By studying thyroid tumorigenesis, we recently identified interleukin 8 (IL8/CXCL8)  as  a crucial paracrine/autocrine factor that induces the epithelial-to-mesenchymal transition (EMT) and increases stemness features of thyroid cancer (TC) cells. IL8 acts by binding CXCR1 and CXCR2 receptors on TC stem cells (TCSCs), and CXCR2 can also bind CXCL1, another cytokine produced by TC cells. Given the crucial role of the IL8 pathway in TCSCs, we aim to dissect the molecular mechanisms involved in IL8-mediated TC EMT and stemness and to assess the impact of such mechanisms on its tumorigenicity/metastatic phenotype by: 

• Isolating TCSCs from various TC cell    lines and human samples by exploiting their biological properties     (e.g., growth in non adherent conditions). Characterization of stemness will be assessed by analysis of specific stem gene expression signature. 

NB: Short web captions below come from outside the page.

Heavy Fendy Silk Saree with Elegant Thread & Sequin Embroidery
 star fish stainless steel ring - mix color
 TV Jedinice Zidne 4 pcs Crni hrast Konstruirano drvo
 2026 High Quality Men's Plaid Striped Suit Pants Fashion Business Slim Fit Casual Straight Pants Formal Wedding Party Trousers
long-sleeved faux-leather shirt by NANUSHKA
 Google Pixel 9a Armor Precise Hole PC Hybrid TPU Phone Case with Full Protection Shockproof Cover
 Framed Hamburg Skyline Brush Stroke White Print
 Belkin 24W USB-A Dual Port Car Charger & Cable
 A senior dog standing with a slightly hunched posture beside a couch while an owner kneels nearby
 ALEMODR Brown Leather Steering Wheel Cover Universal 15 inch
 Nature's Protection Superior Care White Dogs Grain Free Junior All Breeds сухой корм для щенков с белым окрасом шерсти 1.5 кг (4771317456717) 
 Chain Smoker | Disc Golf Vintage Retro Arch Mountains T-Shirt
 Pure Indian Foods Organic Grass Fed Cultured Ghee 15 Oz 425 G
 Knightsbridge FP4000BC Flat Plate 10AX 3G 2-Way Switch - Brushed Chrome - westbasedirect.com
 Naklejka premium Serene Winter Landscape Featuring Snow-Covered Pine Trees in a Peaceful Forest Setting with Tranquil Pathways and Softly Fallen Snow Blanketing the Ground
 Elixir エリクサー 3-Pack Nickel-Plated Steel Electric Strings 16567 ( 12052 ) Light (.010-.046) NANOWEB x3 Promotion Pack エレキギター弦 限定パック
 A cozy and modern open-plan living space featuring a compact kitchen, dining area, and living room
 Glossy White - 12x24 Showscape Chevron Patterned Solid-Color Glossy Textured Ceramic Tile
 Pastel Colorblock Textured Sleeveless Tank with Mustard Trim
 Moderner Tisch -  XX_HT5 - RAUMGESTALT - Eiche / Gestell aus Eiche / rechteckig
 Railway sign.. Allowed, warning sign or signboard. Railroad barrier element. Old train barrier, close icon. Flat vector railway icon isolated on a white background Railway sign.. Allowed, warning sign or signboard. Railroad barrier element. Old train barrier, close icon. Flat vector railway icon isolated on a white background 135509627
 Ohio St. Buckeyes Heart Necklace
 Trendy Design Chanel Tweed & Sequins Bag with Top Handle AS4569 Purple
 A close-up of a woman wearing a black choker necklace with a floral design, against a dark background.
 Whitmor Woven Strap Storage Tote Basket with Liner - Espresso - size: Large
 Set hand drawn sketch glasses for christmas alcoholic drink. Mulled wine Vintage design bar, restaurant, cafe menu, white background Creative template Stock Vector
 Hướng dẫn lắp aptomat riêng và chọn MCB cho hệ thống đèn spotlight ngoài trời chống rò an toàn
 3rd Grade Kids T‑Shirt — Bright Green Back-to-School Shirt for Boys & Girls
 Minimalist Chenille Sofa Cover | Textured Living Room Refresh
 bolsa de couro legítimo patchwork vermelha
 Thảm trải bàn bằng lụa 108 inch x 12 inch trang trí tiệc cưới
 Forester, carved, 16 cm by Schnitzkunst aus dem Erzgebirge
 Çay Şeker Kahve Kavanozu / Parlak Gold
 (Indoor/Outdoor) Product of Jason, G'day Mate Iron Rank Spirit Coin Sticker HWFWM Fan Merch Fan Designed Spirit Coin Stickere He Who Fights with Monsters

• Determining the distinct role(s) of each component of    the IL8/CXCL1 and CXCR1/2 circuit and of     downstream stemness related genes (NANOG, ITGA4, CD38, MYCN) in controlling TCSCs tumorigenic features     (cell proliferation, self-renewal,    invasiveness, tumor initiating ability, chemoresistance). 
• Identifying novel IL8    transcriptional targets in TCSCs    and testing their    functional relevance in TC. 
• Identifying novel IL8 mediated alteration in cancer stem cell metabolism.